For most scenarios involving local files, you can omit the resolver parameter:

// Simple case: reading local CSV file (resolver not needed)
var source = new CsvSourceNode<User>(
StorageUri.FromFilePath("users.csv"),
row => new User(
row.Get<int>("Id") ?? 0,
row.Get<string>("Name") ?? string.Empty,
row.Get<string>("Email") ?? string.Empty)
);

However, you must provide an explicit resolver when working with cloud storage:

// Advanced case: reading from S3 (custom resolver required)
var resolver = StorageProviderFactory.CreateResolver(
new StorageResolverOptions
{
IncludeFileSystem = true,
AdditionalProviders = new[] { new S3StorageProvider() } // Custom provider
}
);

var source = new CsvSourceNode<User>(
StorageUri.Parse("s3://my-bucket/users.csv"),
row => new User(
row.Get<int>("Id") ?? 0,
row.Get<string>("Name") ?? string.Empty,
row.Get<string>("Email") ?? string.Empty),
resolver: resolver // Explicit resolver needed for cloud storage
);

Common Attributes

The CSV connector supports common attributes from NPipeline.Connectors.Attributes that work across all connectors.

[Column] Attribute

The [Column] attribute (from NPipeline.Connectors.Attributes) is a common attribute that allows you to specify column names and control property mapping across all connectors. It provides:

  • Name: The column name in the data source
  • Ignore: When true, skips mapping this property

This attribute is recommended for all scenarios where you need to specify column names or exclude properties.
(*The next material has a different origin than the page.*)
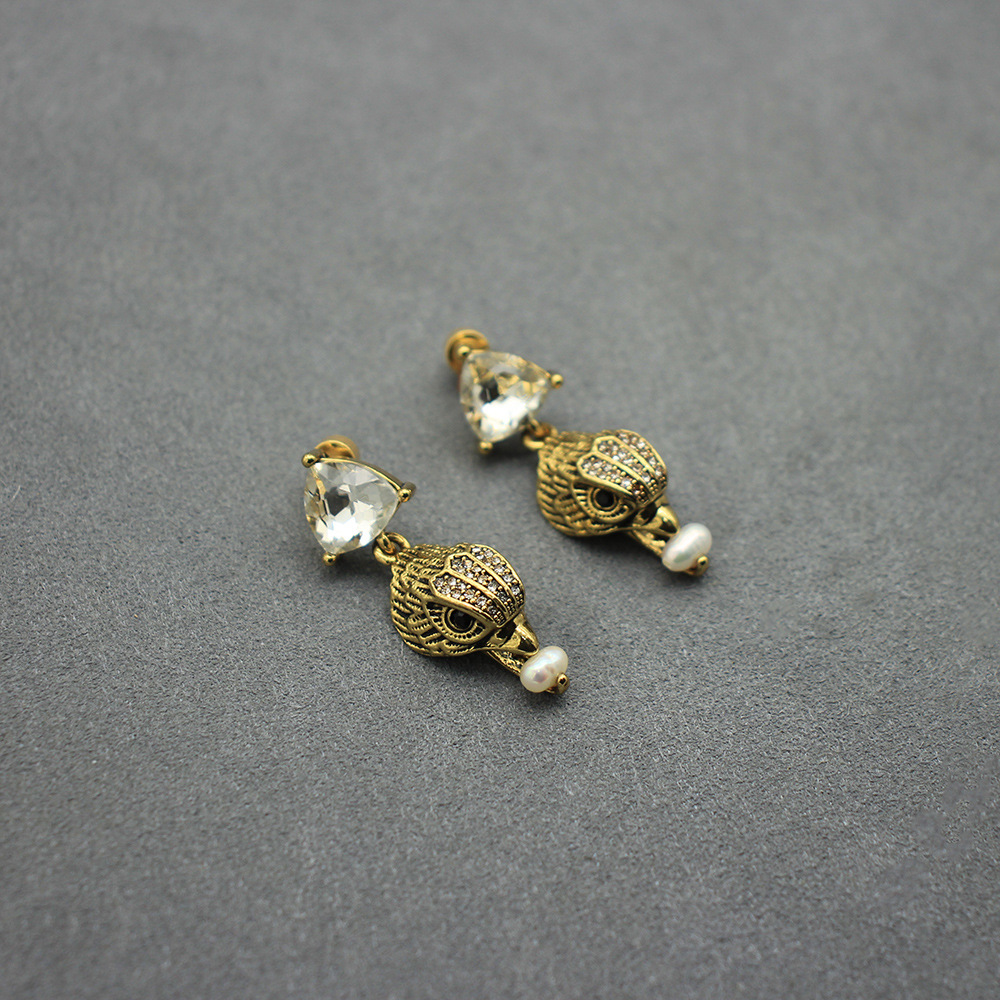 Women'S Eagles Accessories - Vintage Eagle Head Stud Earrings Freshwater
using NPipeline.Connectors.Attributes;

public class Customer
{
[Column("customer_id")]
public int Id { get; set; }

[Column("first_name")]
public string FirstName { get; set; } = string.Empty;

[Column("last_name")]
public string LastName { get; set; } = string.Empty;

[IgnoreColumn]
public string FullName => $"{FirstName} {LastName}";
}

[IgnoreColumn] Attribute

The [IgnoreColumn] attribute (from NPipeline.Connectors.Attributes) is a marker attribute that excludes a property from mapping entirely. This is useful for computed properties or fields that should not be persisted.
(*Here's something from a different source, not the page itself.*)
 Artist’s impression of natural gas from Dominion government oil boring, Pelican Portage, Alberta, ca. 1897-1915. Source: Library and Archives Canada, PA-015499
using NPipeline.Connectors.Attributes;

public class Customer
{
public int Id { get; set; }
public string FirstName { get; set; } = string.Empty;
public string LastName { get; set; } = string.Empty;
public int Age { get; set; }

[IgnoreColumn]
public string FullName => $"{FirstName} {LastName}";

[IgnoreColumn]
public bool IsAdult => Age >= 18;
}

CsvSourceNode<T>

The CsvSourceNode<T> reads data from a CSV file and emits each row as an item of type T.

Source Configuration

The constructor for CsvSourceNode<T> takes the file path and optional configuration for parsing the CSV.

public CsvSourceNode(
StorageUri uri,
Func<CsvRow, T> rowMapper,
IStorageResolver? resolver = null,
CsvConfiguration? configuration = null,
Encoding? encoding = null)
  • uri: The StorageUri representing the location of the CSV file. Use StorageUri.FromFilePath("path/to/file.csv") for local files.
  • rowMapper: The row mapper used to construct T from a CsvRow. This is required and avoids reflection.
  • resolver: (Optional) The IStorageResolver to resolve storage providers. If omitted, a default resolver with file system support is used automatically.
  • configuration: (Optional) A CsvConfiguration object to customize parsing (e.g., delimiter, culture, quoting).
  • encoding: (Optional) Text encoding. Defaults to UTF-8.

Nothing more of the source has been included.